Isaac will undoubtedly have known the 1851 rose, ‘Louise Odier’, another pink Bourbon rose with highly scented flowers. Her warm pink flowers are flatter in profile and about four inches in diameter. David Austin, Britain’s foremost living rose breeder, rates her as the “most desirable of the recurrent-flowering old roses.” This is praise indeed for this bushy rose raised by Margottin is over a hundred and sixty years ago.
David Austin, became captivated by old-fashioned roses after his sister, Barbara, gave him A. E. Bunyard’s book of Old Garden Roses. A few years later he began to breed roses, crossing some of his favourite old-fashioned varieties with modern hybrid teas and floribundas.
He was trying to restore the old-rose fragrance that had been largely bred out of modern 20th century roses, so all his named roses are fragrant.
His first rose ‘Constance Spry’, launched in 1961, was named after a famous flower arranger who amassed a huge collection of old roses in her private garden near Ascot in berkshire. Without her many old roses may have been lost forever. Austin’s rose has myrrh-scented, cupped pink flowers but only flowers once. Don’t let that put you off though. Once and only roses drip with flower and make June extra special. Add a viticella clematis, such as the purple ‘Étoile Violette’, for later colour.
David Austin has named 237 roses and one of his finest is ‘Gertrude Jekyll’, a mid-pink Portland rose hybrid with an upright habit. The large flowers, abundantly born, are deep pink with an old-rose fragrance that makes the nose tingle. It was once voted England’s favourite rose by BBC Gardeners’ World viewers. It’s a medium-sized shrub so some gardeners also train this 1986 rose, named after the garden designer Gertrude Jekyll (1843-1932), up against a wall, or use it as a climber.

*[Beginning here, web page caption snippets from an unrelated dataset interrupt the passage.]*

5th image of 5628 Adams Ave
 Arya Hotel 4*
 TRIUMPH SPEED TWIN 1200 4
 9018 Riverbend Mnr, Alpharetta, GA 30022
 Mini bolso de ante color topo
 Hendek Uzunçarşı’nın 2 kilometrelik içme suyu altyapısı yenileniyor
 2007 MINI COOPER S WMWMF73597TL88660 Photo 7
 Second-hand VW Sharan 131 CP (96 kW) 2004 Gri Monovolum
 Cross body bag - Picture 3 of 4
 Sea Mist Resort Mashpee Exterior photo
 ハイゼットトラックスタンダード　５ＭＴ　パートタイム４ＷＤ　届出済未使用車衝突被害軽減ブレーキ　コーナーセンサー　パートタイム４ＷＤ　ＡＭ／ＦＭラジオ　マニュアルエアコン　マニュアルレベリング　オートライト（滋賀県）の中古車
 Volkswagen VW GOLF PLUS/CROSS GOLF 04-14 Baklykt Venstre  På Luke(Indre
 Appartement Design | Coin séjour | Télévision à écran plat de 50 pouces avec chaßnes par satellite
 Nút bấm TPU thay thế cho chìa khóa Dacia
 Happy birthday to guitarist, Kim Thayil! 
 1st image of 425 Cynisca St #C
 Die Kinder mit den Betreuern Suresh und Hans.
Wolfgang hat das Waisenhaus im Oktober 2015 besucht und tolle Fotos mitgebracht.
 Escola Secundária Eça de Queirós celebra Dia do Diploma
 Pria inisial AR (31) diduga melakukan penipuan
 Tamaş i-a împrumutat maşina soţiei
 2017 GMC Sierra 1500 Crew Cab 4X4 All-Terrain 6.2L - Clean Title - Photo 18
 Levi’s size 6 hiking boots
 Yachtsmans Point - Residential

The rose that really launched David Austin into the world arena was the apricot-yellow ‘Graham Thomas’, introduced in 1983. Its fragrance was described by Robert Calkin, Austin’s fragrance expert, “as a fresh tea fragrance with a cool violet character.” It’s an upright rose, so superb planted in threes, or grown close to a wall. Graham Thomas, who was a friend of David Austin’s for 50 years, chose this rose himself and “always loved it” according to David Austin. In 2009, ‘Graham Thomas’ was voted the World’s Favourite Rose by the 41 National Rose Societies. ‘The Lark Ascending’, a much newer rose launched in 2012, has an upright habit and clusters of flowers that hover between sunset-yellow and apricot. This vigorous and exceptionally healthy rose has a fragrance that varies from tea to myrrh.
The Reverend Joseph Pemberton (1852-1926), the raiser of the Hybrid Musks, also selected for scent and he named twenty-two roses and eleven are now said to be in the top flight. This Essex vicar lived in Havering-atte-Bower, a drier part of England, and his roses are tolerant of poorer soil and a drier climate. Some of his best roses have evocative names straight out of the 1920’s. There’s a Cornelia, a Felicia, a Daphne and a Penelope. ‘Cornelia’, which makes a medium shrub, is hardly ever out of flower and the clusters of small copper-pink flowers pick well and look well in the garden. Pemberton is also associated with two roses, launched after his death by Joseph and Ann Bentall, who inherited his rose field. ‘Buff Beauty’ (1939) is a buff-apricot rose that does best in warmth in sun and it’s a vision with reddish foliage setting off the warm flowers. It’s very sweetly perfumed too. ‘Ballerina’ (1937) is a pale-centred pink rose with clusters of small flowers. From a distance this could be mistaken for a hydrangea.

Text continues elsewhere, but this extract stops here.